On 29 November 1917 he poured out his feelings about conscription to Suzannah declaring that the whole things was too late. He referred to the previous referendum which had failed.
"Then America was neutral and Russia an active ally and we had reason to believe that if the Empire mustered its utmost force we could completely smash Germany's military machine," he wrote. "Today there are not, I think, many soldiers who believe that the war will end by crushing defeats in the field. The view now commonly expressed is that war in the air and the shrinkage of food supplies will be the decisive factor. As the enclosed slip shows, military experts are openly questioning the ability of our battering ram tactics. There are, at least, were, sound reasons for conscription but I do not think true the assertion that it will make our lot lighter.

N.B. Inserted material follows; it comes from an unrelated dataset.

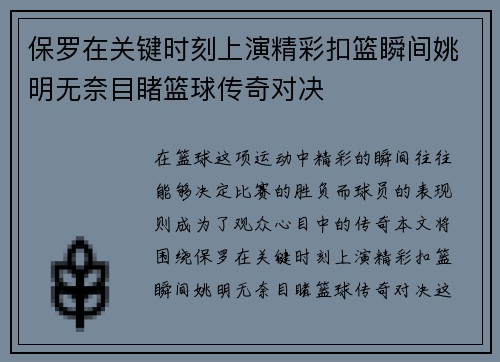 保罗在关键时刻上演精彩扣篮瞬间姚明无奈目睹篮球传奇对决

The more quickly our battalions are filled the more stunts [battles] we shall do.
"As for the argument that we must do our utmost while America is getting ready, I confess I don't understand it. Troops can reach here from America in a few days; it took us several weeks. Or is it supposed that an unwilling Australian conscript needs less training than a Yankee? It is all too true, I fear, that the next three or four months will be a period to test our endurance and power more severely perhaps than they have even yet been tested. It seems reasonable to suppose that Germany will make one great final effort before America can throw her full weight into the balance. "Well, what can the referendum do? Can it give us a single man more in the trenches within that period? Later? Yes, later there are America's millions. Do you think a few paltry thousand unwarlike Australians will really matter then? Conscription is too late. If I should end by voting for it, it will be purely for its moral effect - now that the beastly question has been raised again. But it is my present judgement that if Australia makes this sacrifice now she will make it to little purpose. And she has done well. Already we have lost more men than the whole Empire did in the South African War - when according to the Jingoes "all the world wondered" at our mighty army. I would vote gladly enough for conscription if it would end the war by a day or send back to Australia the men who have been in it all through; but it will do neither.

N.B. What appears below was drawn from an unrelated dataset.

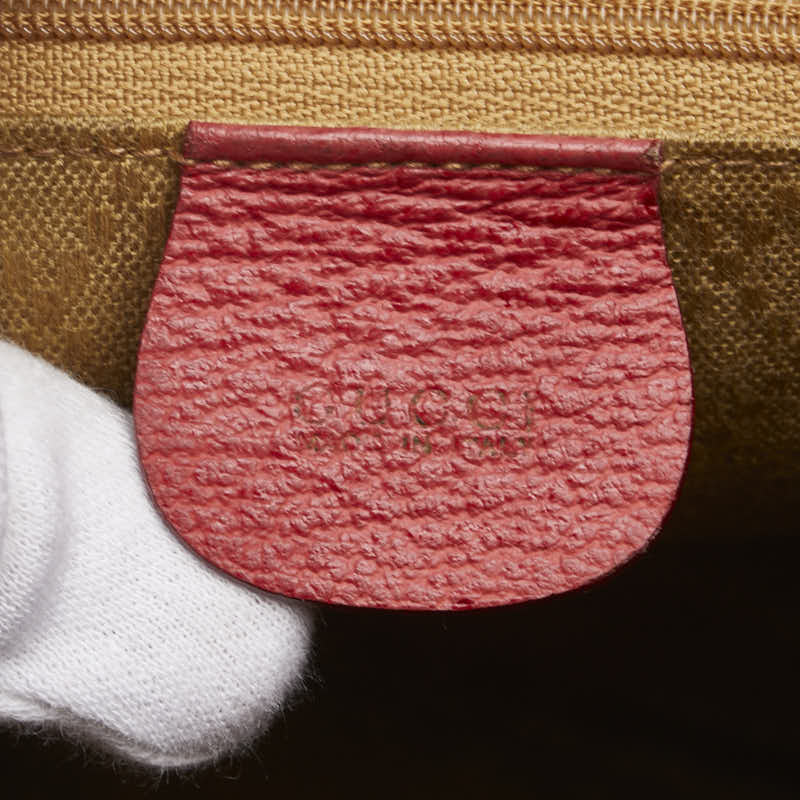 Gucci Bamboo Suede Leather Backpack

"Again, the more one sees of militarism the more one hates, fears and distrusts it. Voluntary as it is, our army is steadily and surely undergoing the process of Tommification. I confess the idea of being confused with conscripts is much more repugnant than it was a year ago. It is something to retain - not liberty, we lost that when we enlisted - but the last faint rays of its halo. Defeat is the one curse worse than conscription.
"Well, I've inflicted an awful lot of stuff on you. My apologies; but writing helps one untangle one's ideas. When I began to think about the matter the other day I was surprised to discover my own attitude.

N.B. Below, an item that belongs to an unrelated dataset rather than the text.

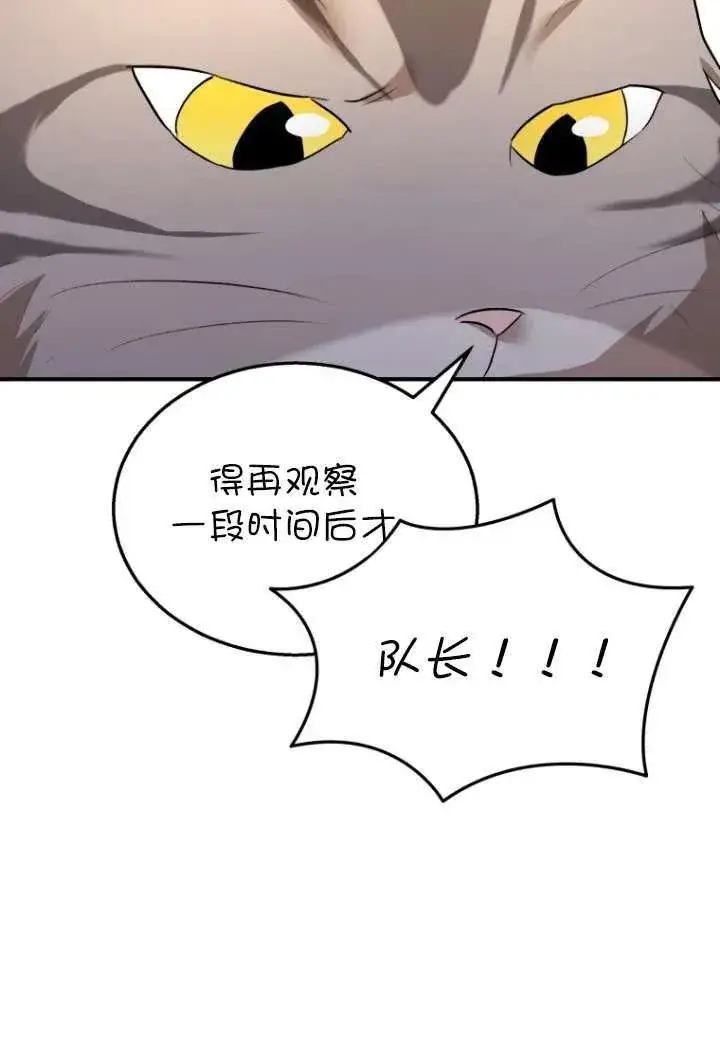 漫画《兽医先生！你好？》第06话第82张图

"Yes one's birthday sets one thinking as the years increase behind. What a beautiful thing youth should be and how it is starved and marred. I'm ever so much more in love with life than I was ten years ago. Don't want Heaven and all its dazzling spiritualities a bit; just the dear old Earth and youth eternal. The miserable, blasphemous slanders of the pious with their "gross matter" and "vile flesh". If they ever get to Heaven they would end by finding it unworthy of their "higher selves". Ah well! My love and good night."
The second referendum on 20 December 1917 also failed with an increased "no" vote. The majority of soldiers serving overseas were again in favour of conscription but by a smaller margin.
Like so many of his countrymen, Private Albert Blackmore succumbed to pneumonia and died on 2 November 1918, just a few days before the war ended. He was buried at Melcombe Regis Cemetery in Dorset, England.